HDL cholesterol sometimes is called "good" cholesterol. This is because it carries cholesterol from other parts of your body back to your liver. Your liver removes the cholesterol from your body.

What Is High Blood Cholesterol?

High blood cholesterol is a condition in which you have too much cholesterol in your blood. By itself, the condition usually has no signs or symptoms. Thus, many people don't know that their cholesterol levels are too high.

People who have high blood cholesterol have a greater chance of getting coronary heart disease, also called coronary artery disease. (In this article, the term "heart disease" refers to coronary heart disease.)

The higher the level of LDL cholesterol in your blood, the GREATER your chance is of getting heart disease.
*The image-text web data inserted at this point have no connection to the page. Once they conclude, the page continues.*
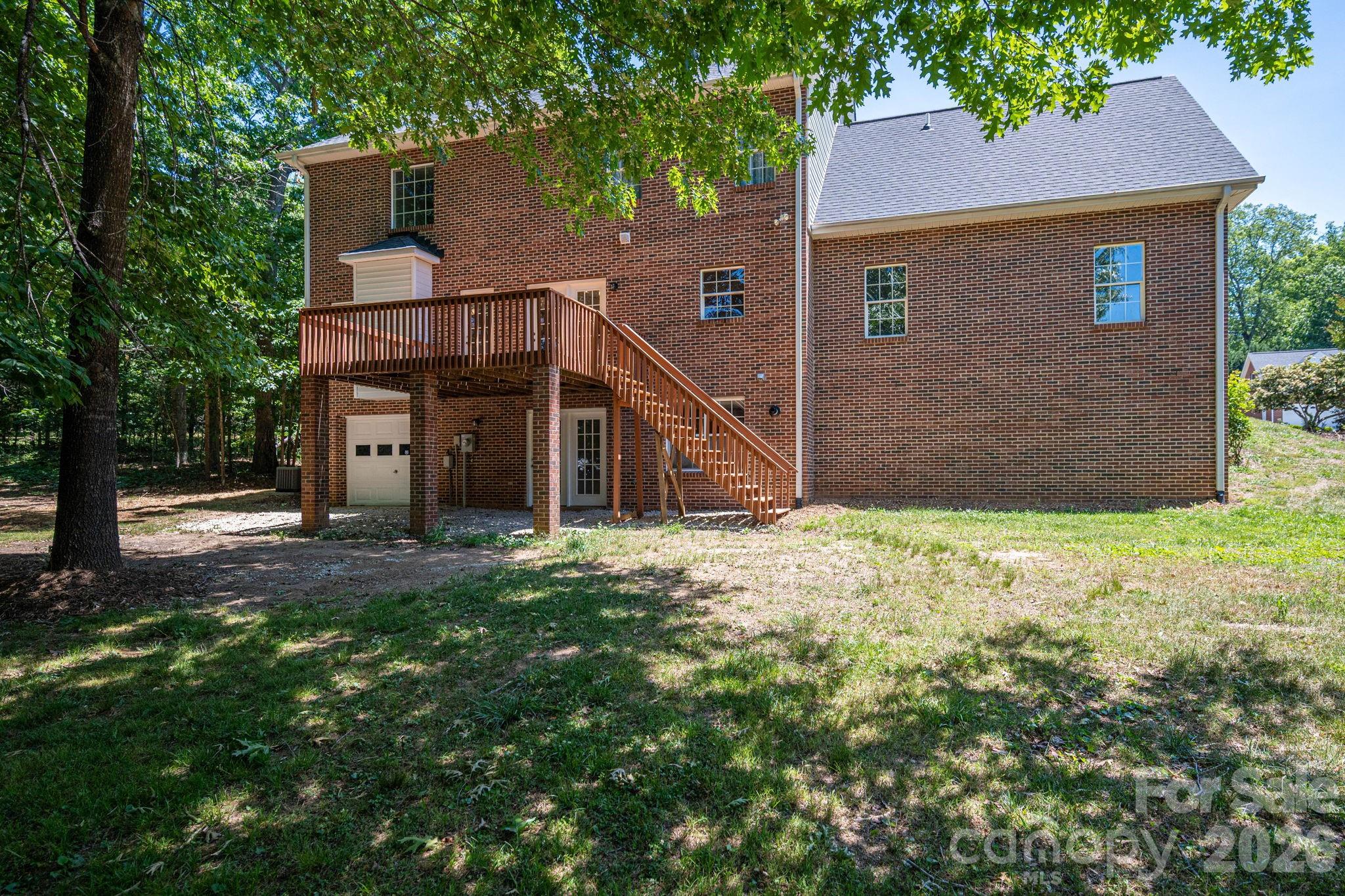 1535 20th Avenue Place NE — Hickory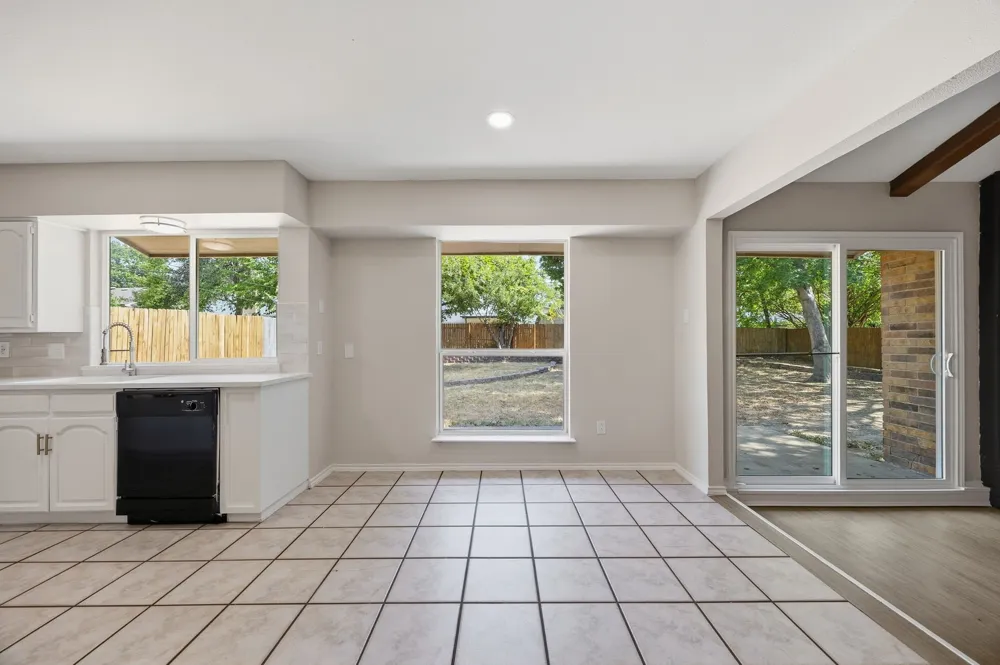 756 NW Charlyne Drive Burleson, TX 76028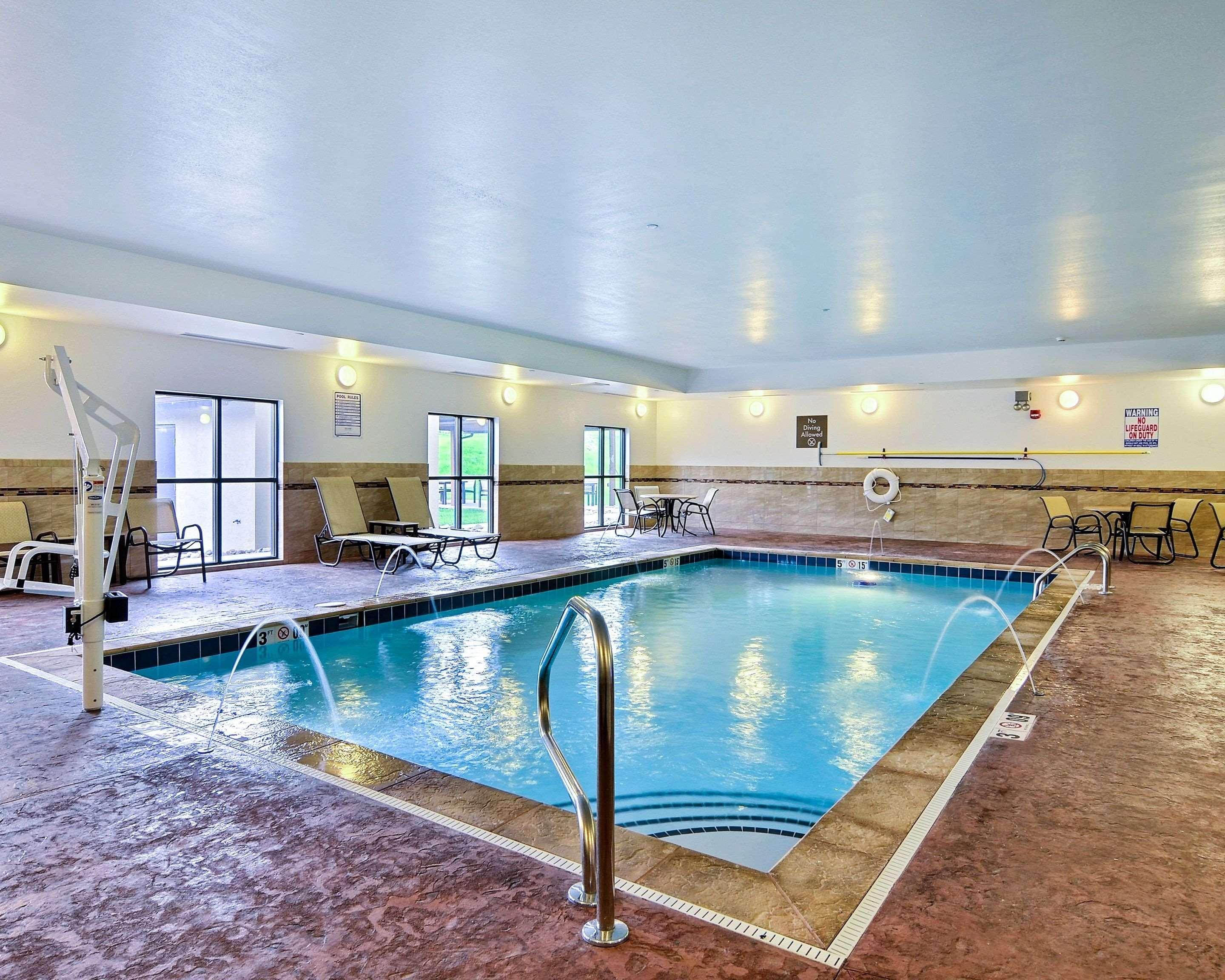 Comfort Suites Uniontown Luaran gambar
The higher the level of HDL cholesterol in your blood, the LOWER your chance is of getting heart disease.

Coronary heart disease is a condition in which plaque (plak) builds up inside the coronary (heart) arteries. Plaque is made up of cholesterol, fat, calcium, and other substances found in the blood. When plaque builds up in the arteries, the condition is called atherosclerosis (ATH-er-o-skler-O-sis).

Atherosclerosis

Figure A shows the location of the heart in the body. Figure B shows a normal coronary artery with normal blood flow. The inset image shows a cross-section of a normal coronary artery. Figure C shows a coronary artery narrowed by plaque. The buildup of plaque limits the flow of oxygen-rich blood through the artery. The inset image shows a cross-section of the plaque-narrowed artery.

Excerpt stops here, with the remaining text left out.